[Crawled caption data]
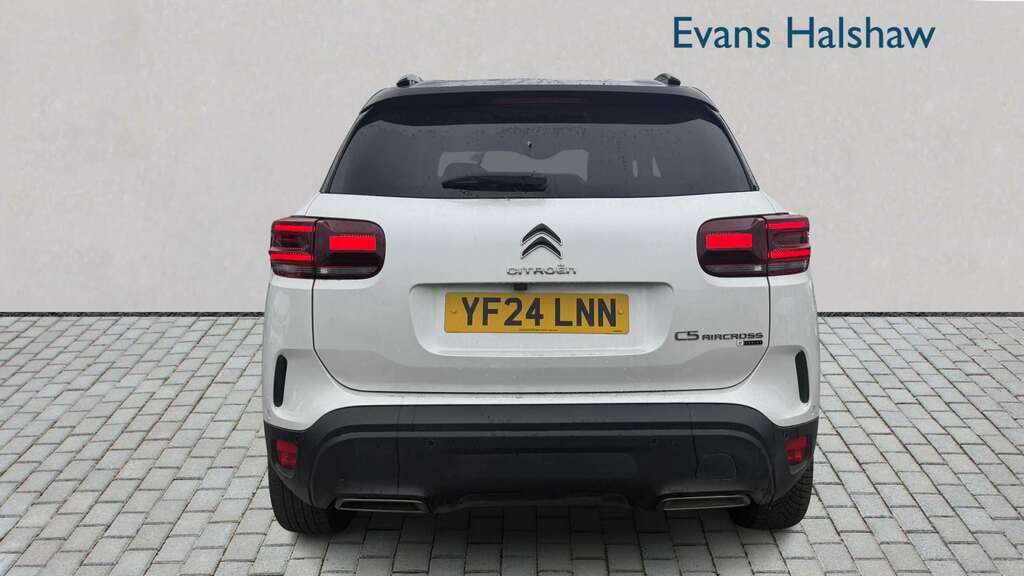 Citroen C5 Aircross Aircross 1.2 Hybrid 136 Max E-dsc6 2Wd Grey #7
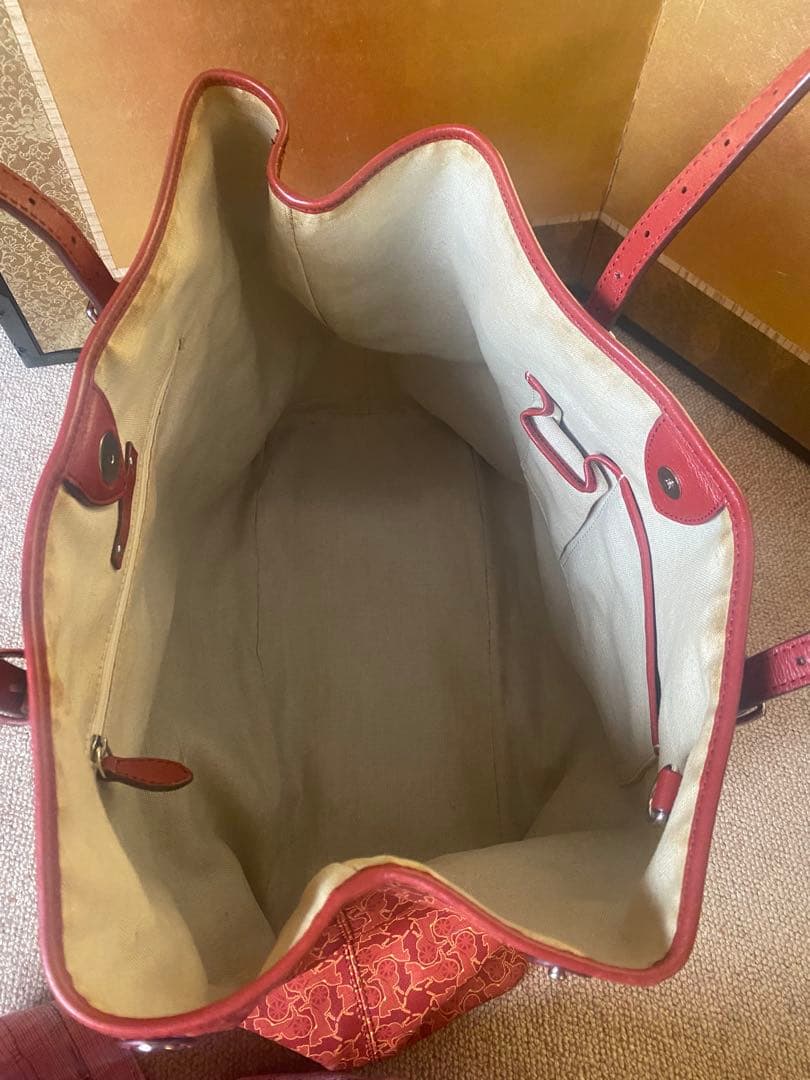 【正規品】セリーヌ マルシェトートバッグ マザーズバッグ調 節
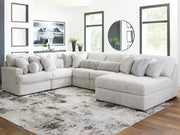 Cuddle Plush Sectional with Chaise - Theo's Factory Direct Mattress & Furniture (Columbus, OH)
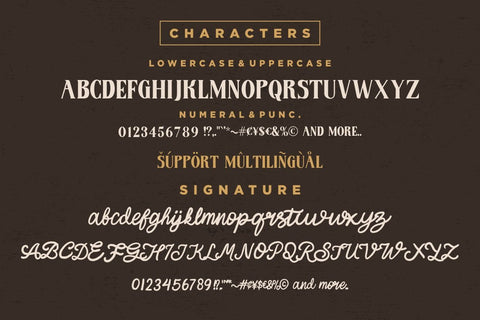 Notter Dam Font Hans Co 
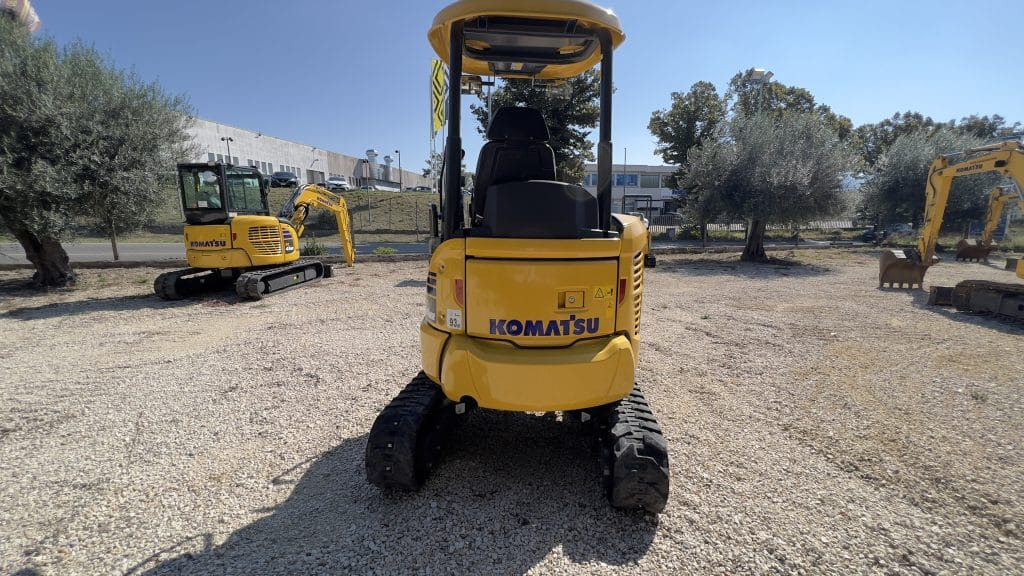 Mini escavadeira Komatsu PC24MR-5 (tettuccio): foto 6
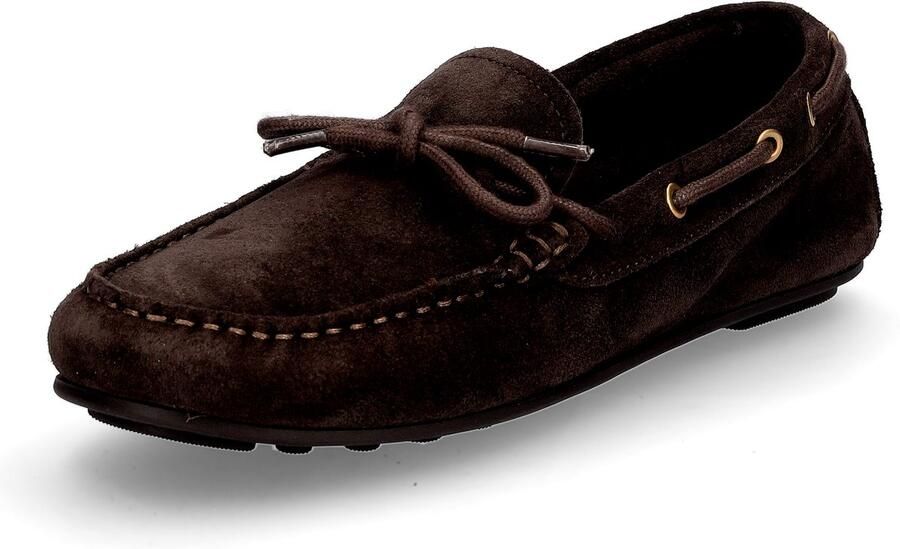 Gant dames mocassin Seabaya bruin - Foto 1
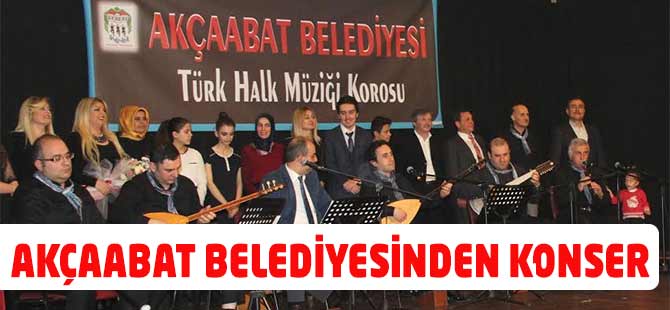 Akçaabat Belediyesinden Konser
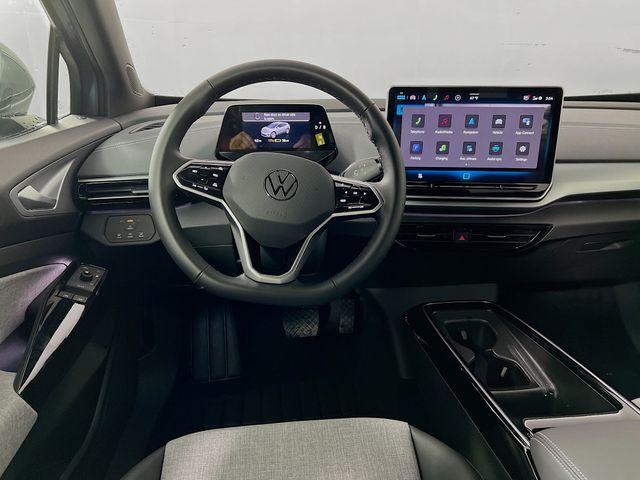 new 2025 Volkswagen ID.4 car, priced at $51,076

- [WORK ITEM]:
What is the exact wording of the lines from the one bearing "マルシェトートバッグ マザーズバッグ調 節" through the final line of the records above? Write it out without the pictures.

- [RESPONSE FOR THIS EXERCISE]:
 【正規品】セリーヌ マルシェトートバッグ マザーズバッグ調 節
 Cuddle Plush Sectional with Chaise - Theo's Factory Direct Mattress & Furniture (Columbus, OH)
 Notter Dam Font Hans Co 
 Mini escavadeira Komatsu PC24MR-5 (tettuccio): foto 6
 Gant dames mocassin Seabaya bruin - Foto 1
 Akçaabat Belediyesinden Konser
 new 2025 Volkswagen ID.4 car, priced at $51,076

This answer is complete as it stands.